With the consent of the parties the claims of plaintiff Joseph S. Barbagallo (" Barbagallo" ) and defendant and counterclaim plaintiff Marcum LLP (" Marcum" ) were tried without a jury. See Fed.R.Civ.P. 52(a)(1). After assessing credibility and reviewing the documents the court sets forth below its factual findings and legal conclusions and applies the law to the facts. Id. Neither party can recover.

Either party may move within twenty days to " question the sufficiency of the evidence supporting the findings" or on any other ground, and may request changes in any portion of this memorandum. See Fed.R.Civ.P. 52(a)(5).

The case is brought by an experienced, independent, certified forensic accountant, Barbagallo, with a substantial number of his own long-time clients. During the space of a few years, he left his private practice to enter an accounting firm, Margolis & Company P.C. (" Margolis" ); then left that firm to join another, Marcum; he left Marcum to join Citrin Cooperman & Company, LLC (" Citrin" ); and then left Citrin to resume his own independent practice. In each of these large accounting firms, he was a non-equity partner. At each move he took his original clients with him.

Two principles affecting employment of professionals in partnerships are revealed: first, when a deal among professionals for services turns sour, it is usually best to promptly terminate the relationship without recriminations and litigation; and, second, well advised clients will usually follow the talent— that is the professional they trust— rather than the organizations to which their adviser temporarily attaches himself.

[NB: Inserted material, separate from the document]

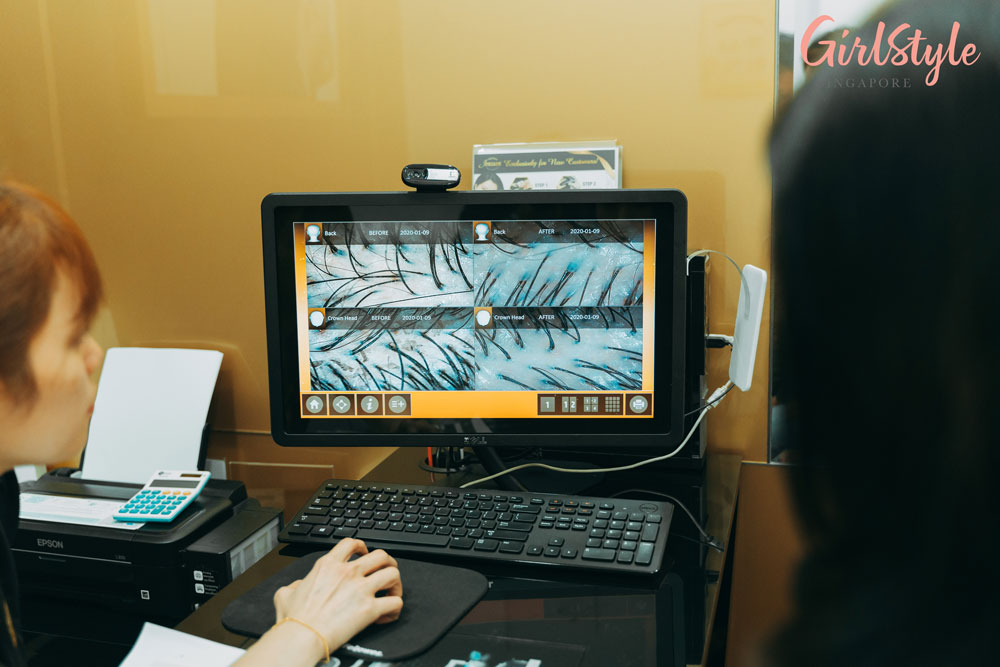 Jonsson Protein VE (Vital Essential) Protein® treatment scan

Barbagallo claims that, pursuant to their employment agreement, Marcum owed him a substantial retirement benefit, along with other payments, when he left the firm for Citrin. He alleges that Marcum's failure to make these payments, particularly the retirement benefit, constituted a breach of their employment agreement and a violation of the Employee Retirement Income Security Act (ERISA). Marcum denies that it has any monetary obligations to the plaintiff. It counterclaims against Barbagallo, asserting that the plaintiff is liable, in contract and in tort, for misconduct while an employee of the firm and for impermissibly taking client business with him to his subsequent employer, Citrin.

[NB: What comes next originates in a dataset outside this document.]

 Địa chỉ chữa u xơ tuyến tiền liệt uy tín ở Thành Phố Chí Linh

Initially Citrin was a party to the litigation. Marcum accused Citrin of taking Marcum clients when it employed the plaintiff. Citrin has reached a settlement with Marcum and Barbagallo. The latter parties remain in the litigation.

II. Findings of Fact

1. Joseph Barbagallo is a certified public accountant in Pennsylvania. He practiced accounting on his own from 1976 until March 2003, when he joined Margolis & Company P.C. (" Margolis" ) as a non-equity partner. Trial Tr. (" Tr." ) 416-17, Nov. 30, 2012. At Margolis, located in Pennsylvania, the plaintiff performed a mix of forensic and tax-related work for individuals and businesses. Id.; Tr. 62, Nov. 27, 2012. He brought to Margolis his own clients. See Marcum Trial Exhibit (" Def. Ex." ) 265. Six more clients were acquired by him while he worked for Margolis. Tr. 759:18-23, Dec. 13, 2012.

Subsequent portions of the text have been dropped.